The hallmarks of DUX4-fl toxicity in myoblasts are the loss of cell viability, MYOD1/Myod1 downregulation, inhibition of myotube formation or formation of very abnormal-looking myotubes, and upregulation of atrophy-associated FBXO32/ATROGIN1 and TRIM63/MURF1.59,63 None of these changes were observed by us or by Homma et al.53,60 upon examination of many FSHD myoblast cell strains; see above for evidence of FSHD downregulation, rather than upregulation, of TRIM63. Both of these groups and that of Barro et al.53,60,97 found that FSHD and control myoblasts cannot be distinguished by viability, growth rates or rates of differentiation to myotubes. Although some differences in the shape of FSHD and control myotubes were reported,63,97 we and Homma et al. found the shape of myotubes to be variable among both control and FSHD cell strains with no disease association.53,60 The good growth and differentiation of FSHD myoblasts should reflect the population of satellite cells in vivo because FSHD myoblast cell strains from moderately affected muscle are no more difficult to generate than control myoblast cell strains and can undergo similar numbers of cell population doublings.53 However, it is possible that FSHD myoblasts from severely affected muscle, which are difficult to propagate, have more frequent expression of DUX4-fl RNA and protein.

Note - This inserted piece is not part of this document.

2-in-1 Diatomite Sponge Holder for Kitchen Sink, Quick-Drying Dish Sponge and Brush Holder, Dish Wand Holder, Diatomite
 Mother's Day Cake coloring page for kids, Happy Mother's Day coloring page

Another finding favoring Model 2 over Model 1 is that FSHD fibroblasts contain DUX4-fl transcripts at very low levels, as do FSHD (but not control) myoblasts, myotubes and muscle tissue.6 FSHD is predominantly a skeletal muscle-specific disease. Therefore, it is likely that the inappropriate DUX4 expression that establishes pathogenesis is mostly specific to the muscle lineage and would not be shared with fibroblasts. Unlike Model 1, Model 2 with its postulated frequent expression of DUX4-fl at a muscle lineage-specific pre-myoblast stage obviates the difficulty posed by FSHD fibroblasts expressing DUX4-fl RNA.

CONCLUSIONS

A large fraction of FSHD myoblasts and myotubes from moderately affected muscle displays an expression dysregulation phenotype. This and other findings support a model invoking transient, pathogenic expression of DUX4 in a large fraction of cells at the pre-myoblast stage (Figure 2, Model 2). Among the dysregulated targets of the hypothesized burst of DUX4 expression in this model could be the genes encoding the testis—and very early embryogenesis-specific reprogramming and telomere-stabilizing factor ZSCAN4 and the meiosis-associated cyclin CCNA1.79,98 These genes were upregulated by transduction of DUX4 constructs into control myoblasts.61 In FSHD patients, we propose that there is transient expression of DUX4-fl at a pre-myoblast stage in affected regions of skeletal muscle and possibly among certain subsets of muscle satellite cells.99,100 This could result in upregulation of expression of these and other genes and, during regenerative myogenesis, the dampening of expression of many muscle lineage-associated genes.53 This, in turn, could decrease the efficiency of the late stages of regenerative myogenesis or affect muscle function in a manner consistent with the usually slow progression of FSHD.

Acknowledgments

This article is dedicated to the memory of Carol A Perez, who helped to found the FSH Society, and worked with uncommon devotion and intelligence on behalf of FSHD patients. Supported in part by the FSHD Global Research Foundation and NIH Grant NS048859.